1. Select relevant columns: `title` and `overview`.
2. Handle missing values by filling them with an empty string.
3. Combine or transform the data as needed for search.

In [5]:
# Preprocess the data
df = df[['title', 'overview']].dropna(subset=['title'])
df['overview'] = df['overview'].fillna('')

# Inspect the processed data
df.head()

Unnamed: 0,title,overview
0,Toy Story,"Led by Woody, Andy's toys live happily in his ..."
1,Jumanji,When siblings Judy and Peter discover an encha...
2,Grumpier Old Men,A family wedding reignites the ancient feud be...
3,Waiting to Exhale,"Cheated on, mistreated and stepped on, the wom..."
4,Father of the Bride Part II,Just when George Banks has recovered from his ...


### Step 3: Implement the Search Function

Write a function `search(query, n, engine='tfidf')` that retrieves the top-N results for a given query using the specified search engine:

1. **TF-IDF**: Use `TfidfVectorizer` to compute similarity scores.
2. **Sentence Transformers** (optional): Use pre-trained embeddings for semantic search.

#### Hint:
- Compute the similarity between the query and all movie overviews.
- Sort the results by similarity and return the top-N titles.

In [14]:
def search(query, n=5, engine='tfidf'):
    overviews = df['overview'].tolist()
    titles = df['title'].tolist()

    if engine == 'tfidf':
        # TF-IDF vectorization
        vectorizer = TfidfVectorizer(stop_words='english')
        tfidf_matrix = vectorizer.fit_transform(overviews)
        query_vector = vectorizer.transform([query])
        # Compute cosine similarity
        similarities = cosine_similarity(query_vector, tfidf_matrix).flatten()
    else:
        raise ValueError("Unsupported engine. Only 'tfidf' is available.")

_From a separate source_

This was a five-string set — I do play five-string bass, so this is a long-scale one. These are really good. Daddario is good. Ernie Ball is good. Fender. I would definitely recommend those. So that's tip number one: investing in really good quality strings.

    # Get top-N indices sorted by similarity
    top_indices = similarities.argsort()[::-1][:n]
    # Retrieve corresponding titles
    top_titles = [titles[i] for i in top_indices]

    return top_titles


### Step 4: Test Your Function

Use different queries to test your search function. Verify the quality of the results and experiment with varying `n` values.

In [15]:
# Example usage of the search function
query = 'space adventure'
top_n = 5
results = search(query, n=top_n, engine='tfidf')
print(f"Top {top_n} results for query '{query}':", results)

Top 5 results for query 'space adventure': ['Manhunt in Space', 'Hail Columbia!', 'Space Station 3D', 'Space Pirate Captain Harlock', 'The Visit: An Alien Encounter']

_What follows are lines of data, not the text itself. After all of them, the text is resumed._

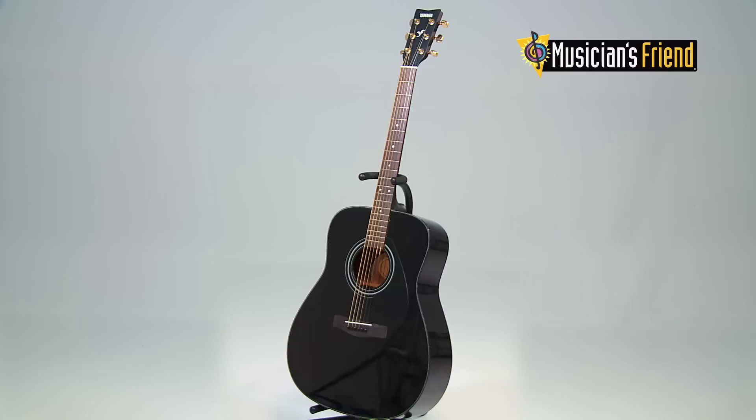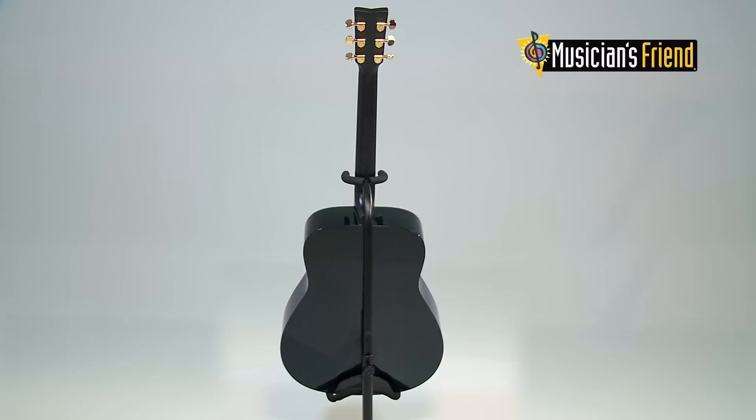And for those who don't subscribe to the one-color-suits-all philosophy, the F335 comes in black, natural, and tobacco brown sunburst finishes.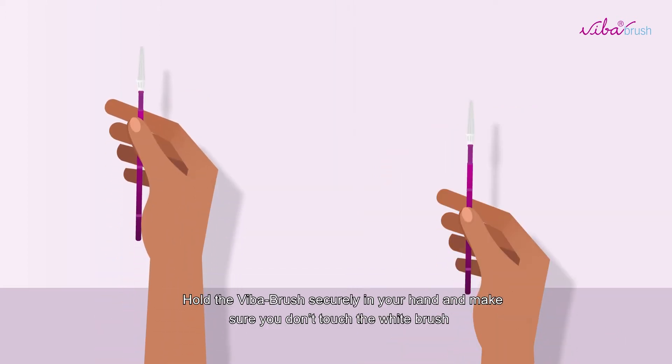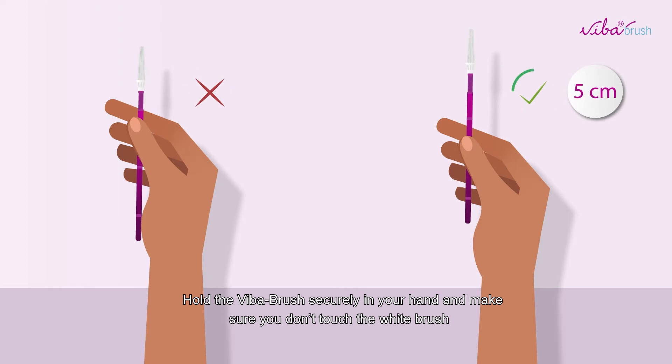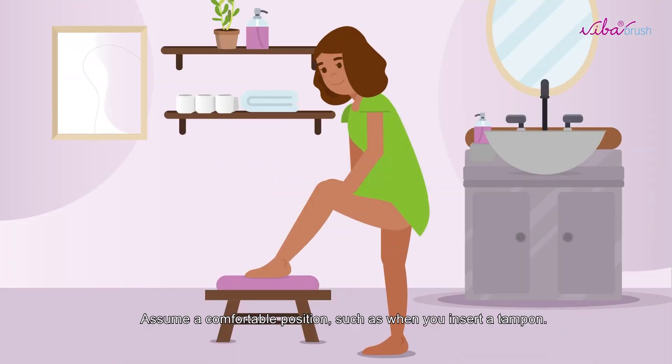Hold the Viber Brush securely in your hand and make sure you don't touch the white brush. Assume a comfortable position, such as when you insert a tampon.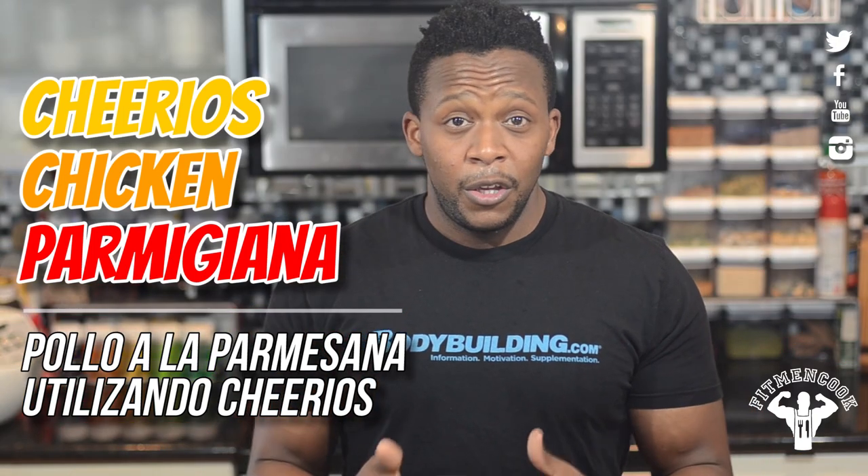Instead of using breadcrumbs, we're gonna use Cheerios cereal. I like this addition for two reasons. First, Cheerios really helps provide a nice subtle sweet flavor to the crust that you don't get with regular breadcrumbs. And secondly — you guessed it — the oats. Cheerios are made from oats, and oats provide energy to help you power through the day and power through your workout. So it's really a win-win.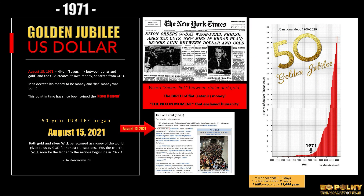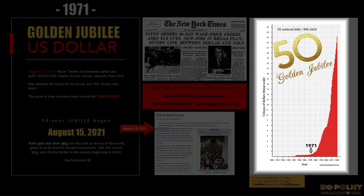Up until this point, for every dollar that was put into circulation, it had to represent a dollar's worth of gold in possession by the U.S. Treasury. But since we've been off the gold standard for over 50 years now, they literally just make money out of thin air.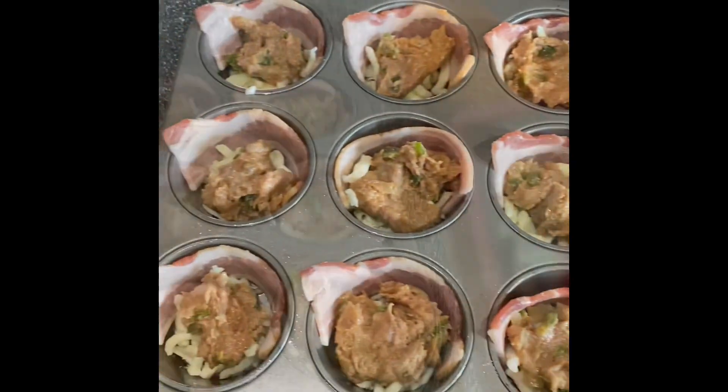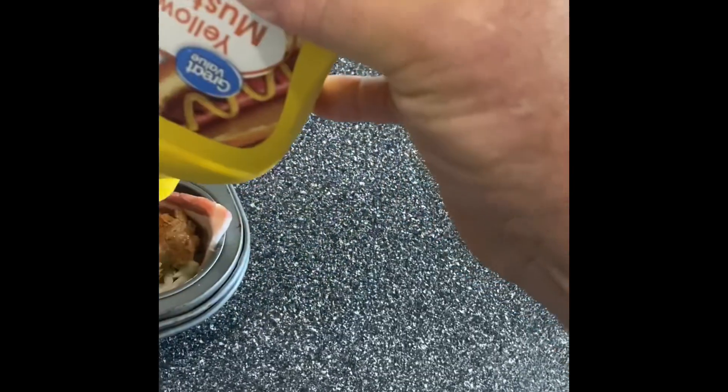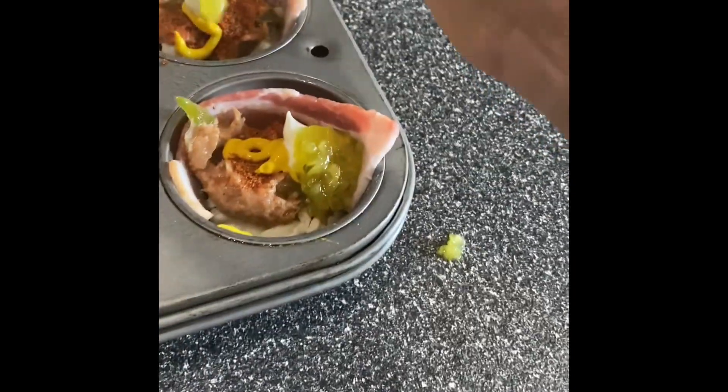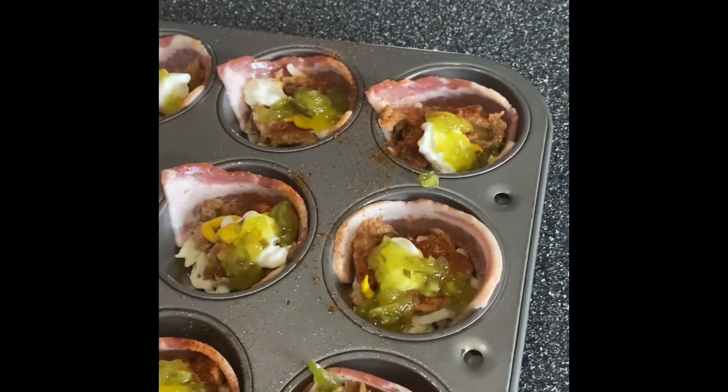Get the meat right in there. Sprinkle with your favorite seasoning. Just a dab of yellow mustard, a small amount of real mayonnaise in each one, just a little bit of relish in each one, then cover it again with some cheddar cheese.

### Step 5: Plot query and top documents

Plot the query and top retrieved documents or all documents to visualize the retrieval

In [None]:
# TODO

### Step 6: Compare engines

Compare the results of the same query using different engines.

Note: there are multiple ways of doing this, the simpler one is comparing the intersection of top-K (k = 5, 10 or 30) from each engine.

In [None]:
#TODO

### Questions to Think About:

1. How does the choice of similarity measure affect the results?
2. What happens when you use different queries?
3. Can you improve the results by incorporating additional metadata, such as genres?